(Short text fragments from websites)
^^^^^^^^^^^^^^^^

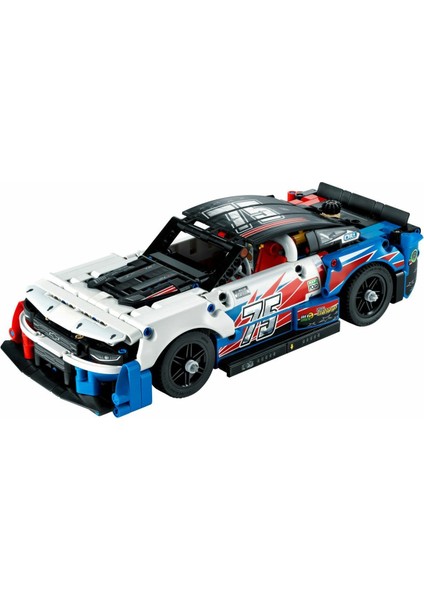 42153 LEGO Technic - Nascar Yeni Nesil Chevrolet Camaro 672 Parça +9 Yaş fiyatları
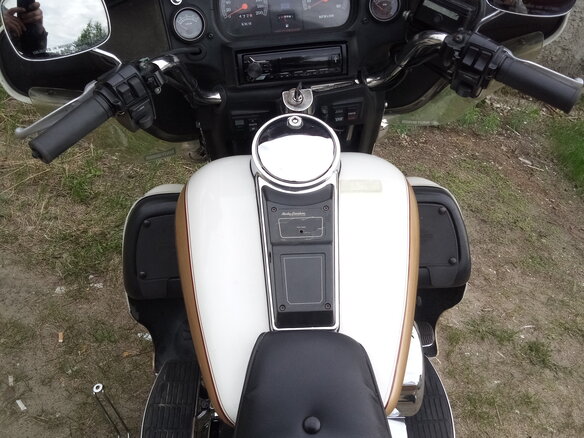 1995 Harley-Davidson Electra Glide, белый, 550000 рублей - вид 5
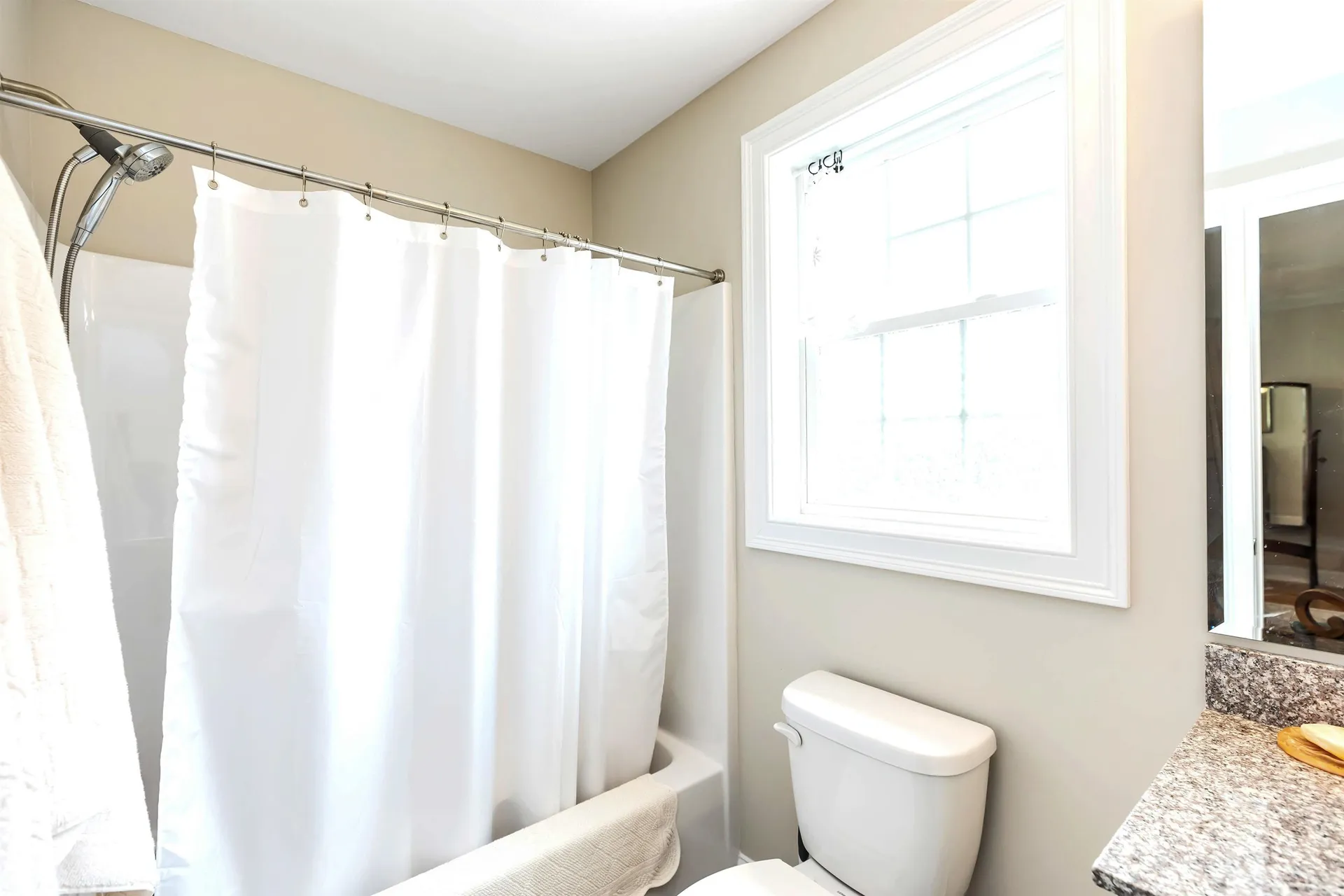39 Pineview Drive Candia NH 03034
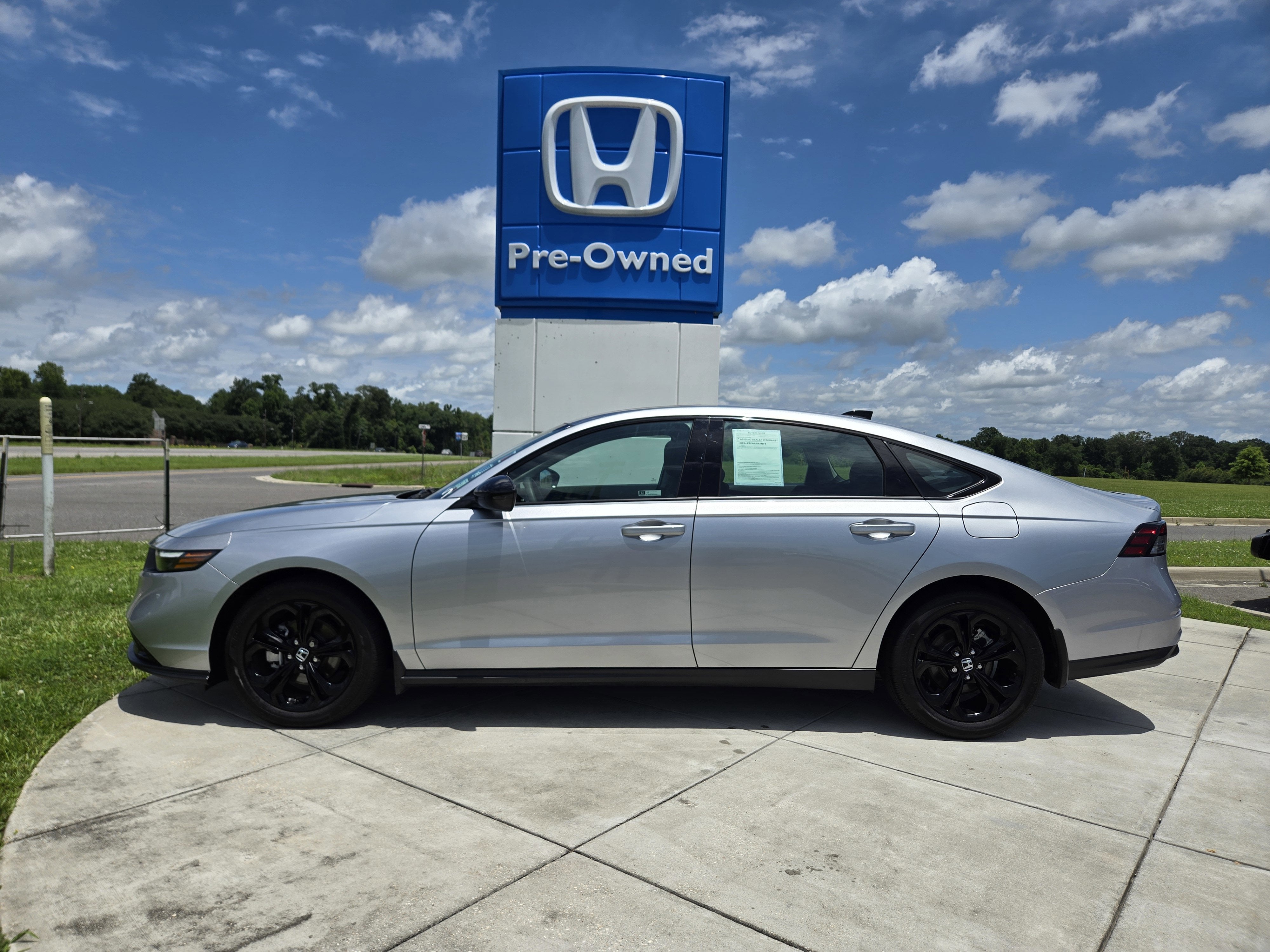 2025 Honda Accord Sedan SE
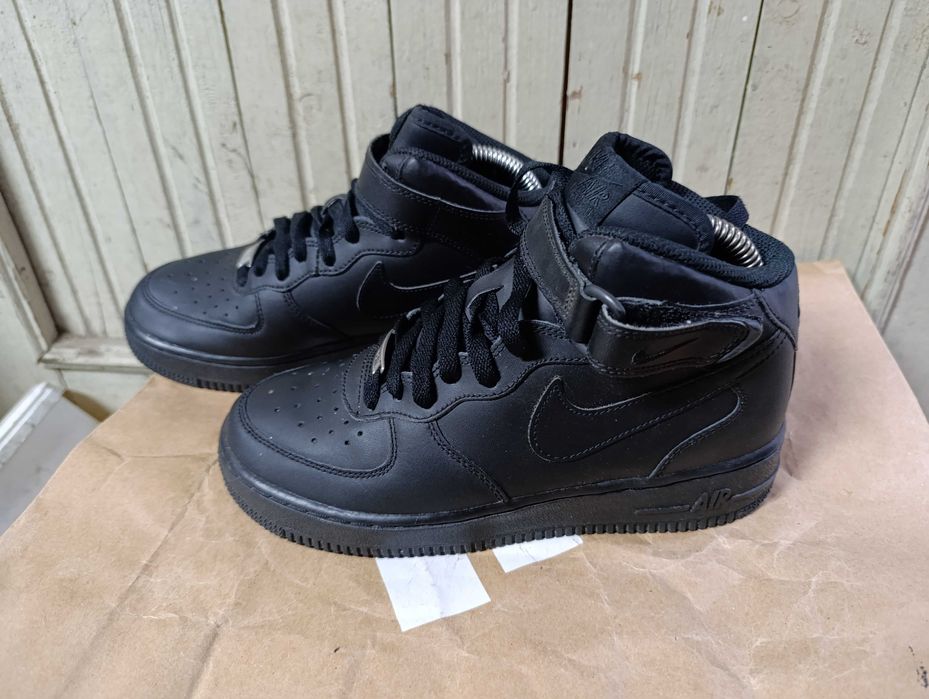 ''Nike Air Force 1 Mid Black''оригинални маратонки 38.5 номер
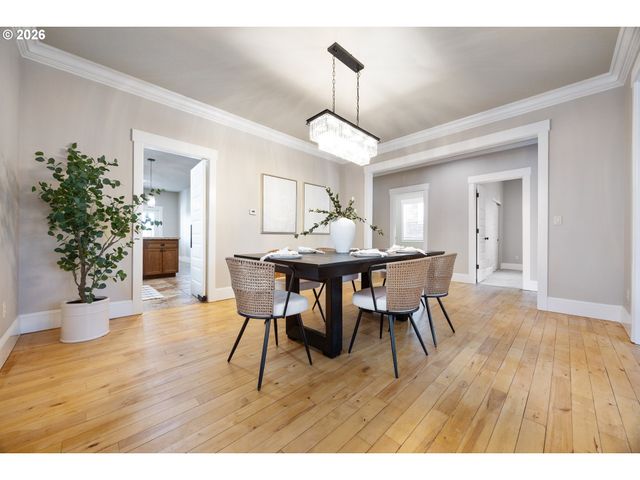 216 Ne TILLAMOOK St A, Portland, OR 97212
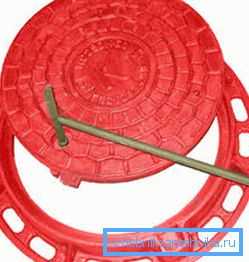 Boccaporto di plastica con meccanismo di bloccaggio. Boccaporto di plastica con meccanismo di bloccaggio.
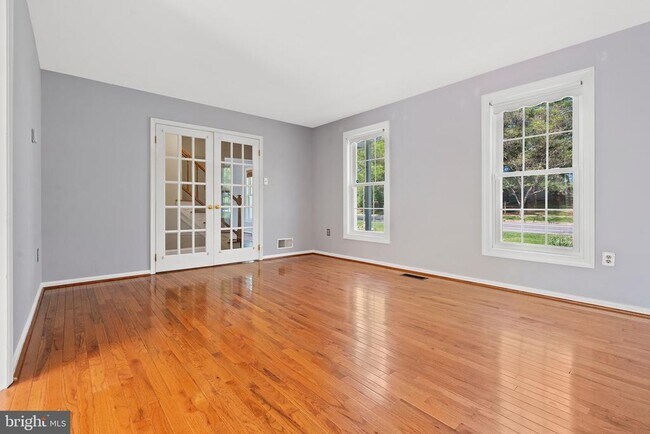 Building Photo - 13604 Wisteria Dr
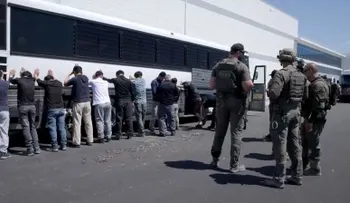 Más de 300 trabajadores surcoreanos emprenden acciones legales contra EE.UU. por la redada en planta de Hyundai en Georgia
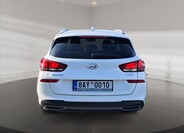 Hyundai i30 4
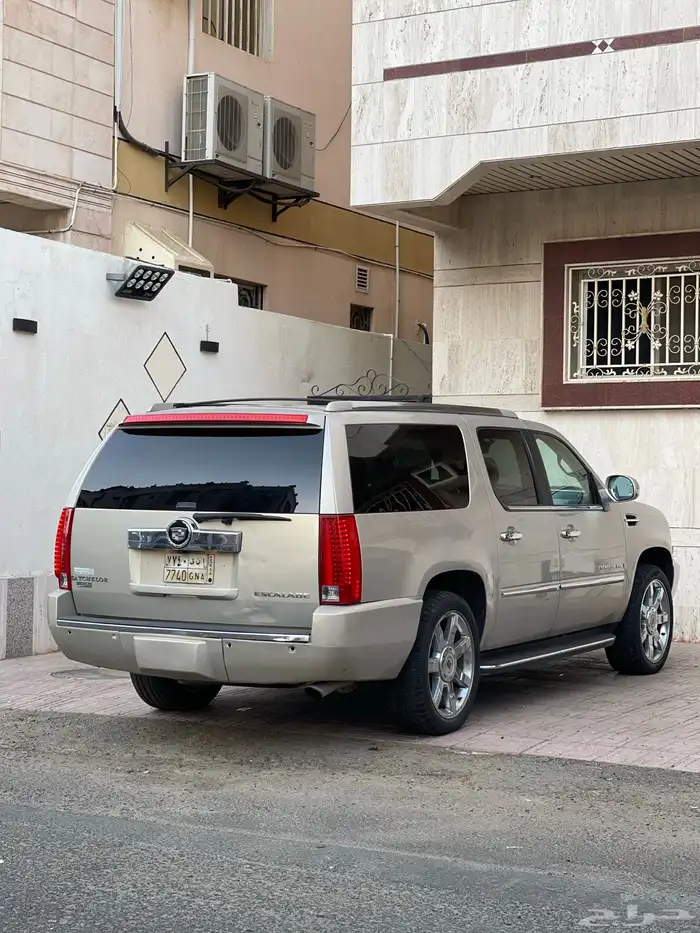 اسكاليد 2009 بريميوم 5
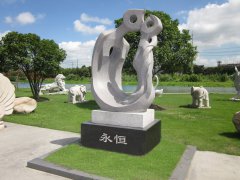 永恒之恋：J9集团国际站碑雕中的爱之赞歌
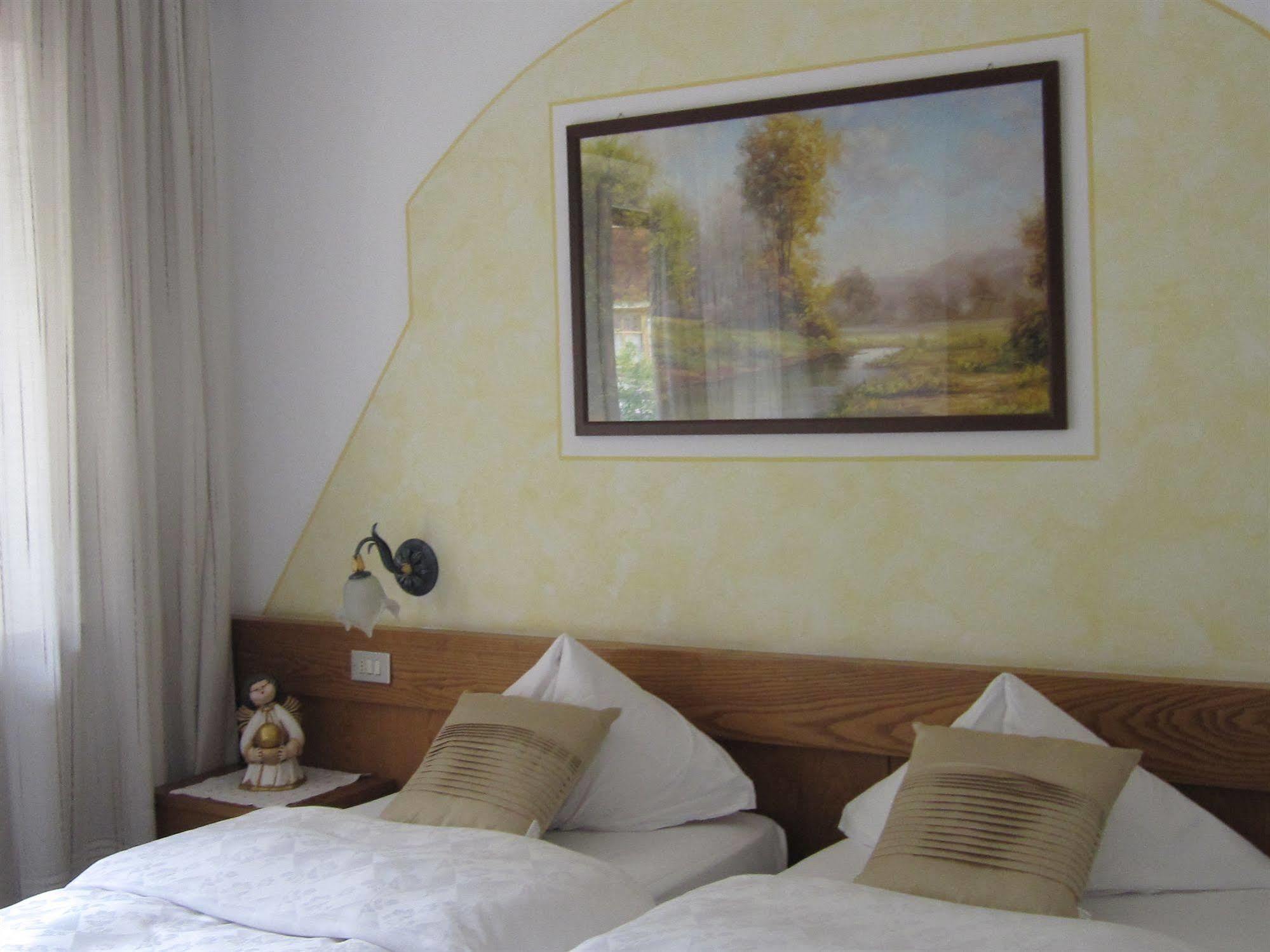 Hotel Azola Каназей Екстериор снимка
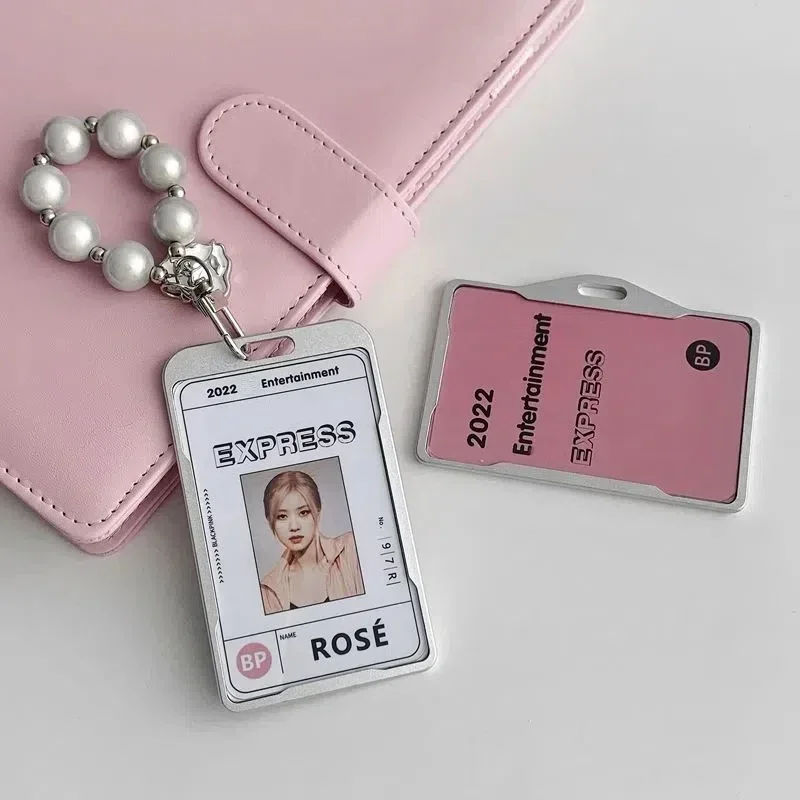 Ins Acrylic Photocard Holder Kpop Idol Card Holder Transparent Photo Sleeves Portable ID Bus Card Protector Pendant Keychain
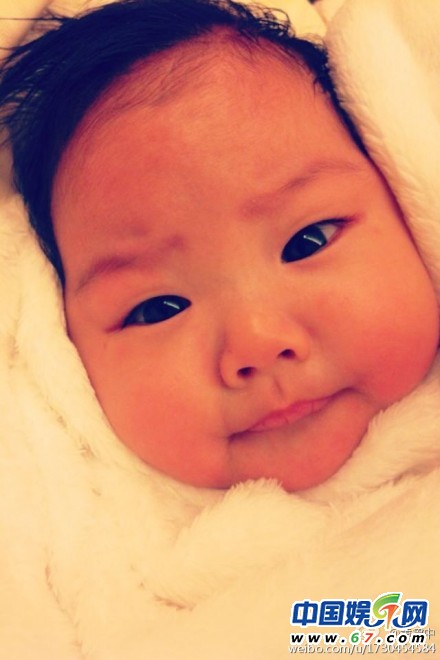 朱茵黄贯中女儿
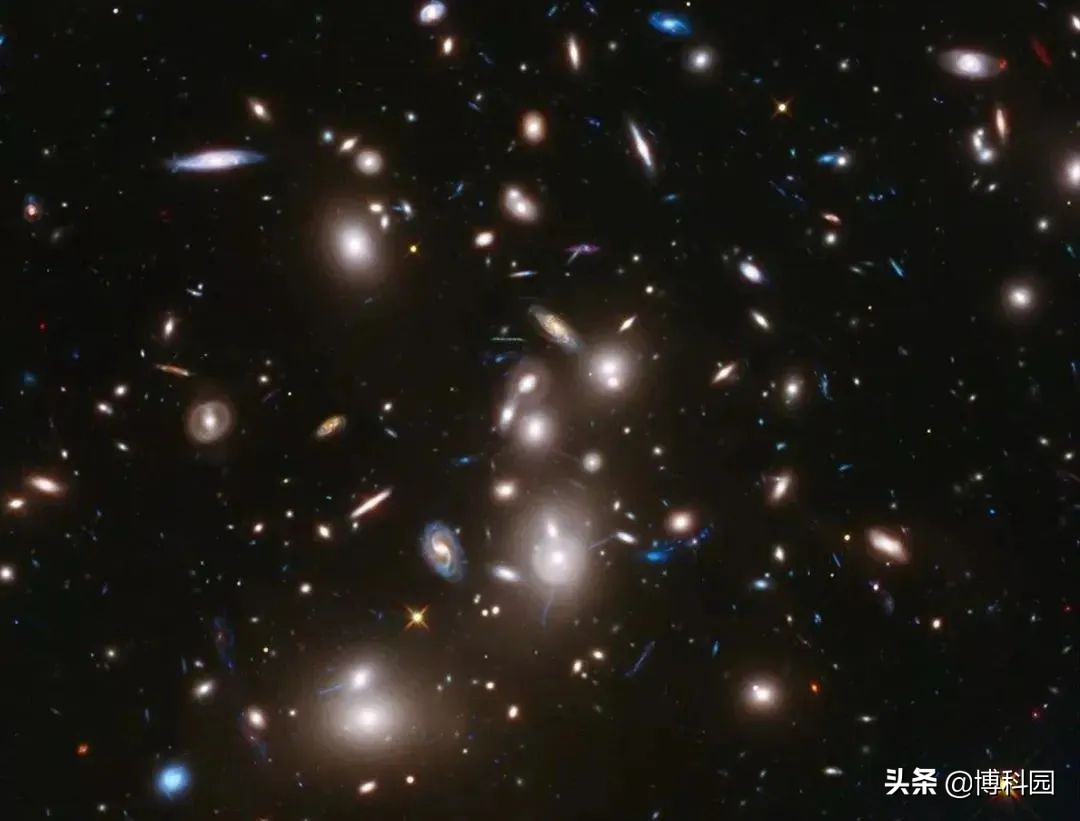 发现130亿年前有一个发光星系，或将能破解“宇宙再电离”难题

^^^^^^^^^^^^^^^^

Your assignment:
Restate the records above word for word, without the pictures.

Answer:
 42153 LEGO Technic - Nascar Yeni Nesil Chevrolet Camaro 672 Parça +9 Yaş fiyatları
 1995 Harley-Davidson Electra Glide, белый, 550000 рублей - вид 5
39 Pineview Drive Candia NH 03034
 2025 Honda Accord Sedan SE
 ''Nike Air Force 1 Mid Black''оригинални маратонки 38.5 номер
 216 Ne TILLAMOOK St A, Portland, OR 97212
 Boccaporto di plastica con meccanismo di bloccaggio. Boccaporto di plastica con meccanismo di bloccaggio.
 Building Photo - 13604 Wisteria Dr
 Más de 300 trabajadores surcoreanos emprenden acciones legales contra EE.UU. por la redada en planta de Hyundai en Georgia
 Hyundai i30 4
 اسكاليد 2009 بريميوم 5
 永恒之恋：J9集团国际站碑雕中的爱之赞歌
 Hotel Azola Каназей Екстериор снимка
 Ins Acrylic Photocard Holder Kpop Idol Card Holder Transparent Photo Sleeves Portable ID Bus Card Protector Pendant Keychain
 朱茵黄贯中女儿
 发现130亿年前有一个发光星系，或将能破解“宇宙再电离”难题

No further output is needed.